**Work instructions**. Starting at the line that contains "60 Citadel Ridge", output each line exactly as written through the end of the listing below, but leave out the pictures.
"""
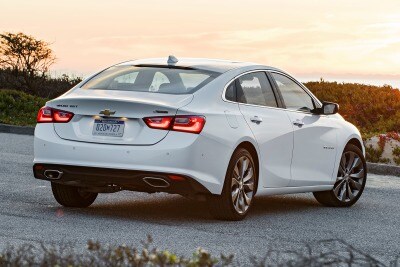 Used 2017 Chevrolet Malibu Pictures 303 Photos Edmunds 2017 Chevrolet Malibu Premier Sedan Exterior
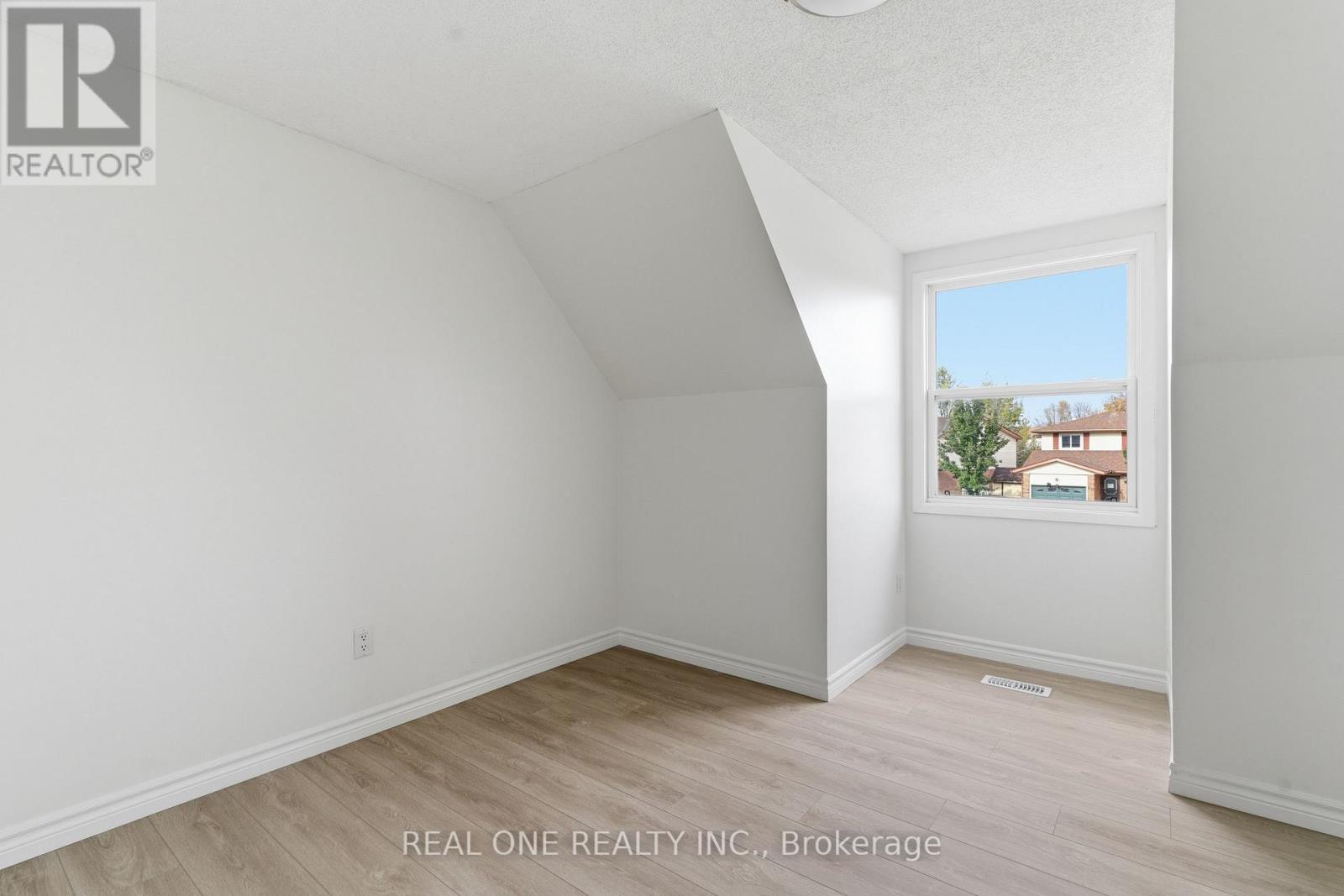 51 Koch Drive, Guelph, Ontario  N1G 4G7 - Photo 19 - X12505806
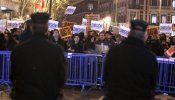 Varias convocatorias frente a las sedes del PP y en la Puerta del Sol piden la dimisión del Gobierno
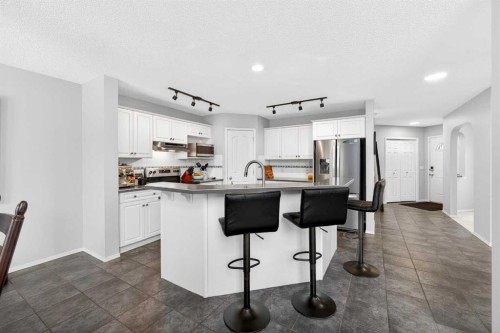 60 Citadel Ridge Close Nw, Calgary, AB - Indoor Photo Showing Kitchen With Upgraded Kitchen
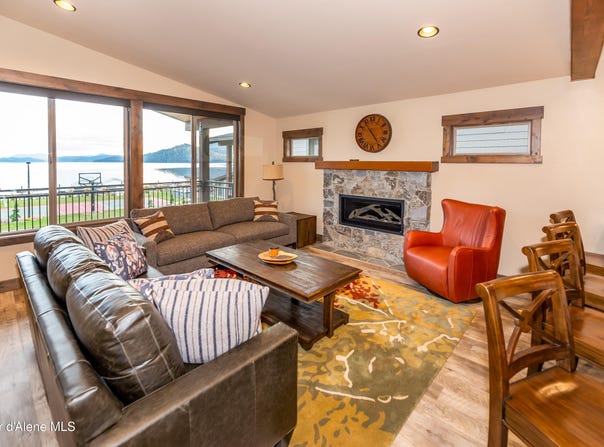 44 Palouse Dr, Nordman, ID 83848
"""
**Written answer**.
 60 Citadel Ridge Close Nw, Calgary, AB - Indoor Photo Showing Kitchen With Upgraded Kitchen
 44 Palouse Dr, Nordman, ID 83848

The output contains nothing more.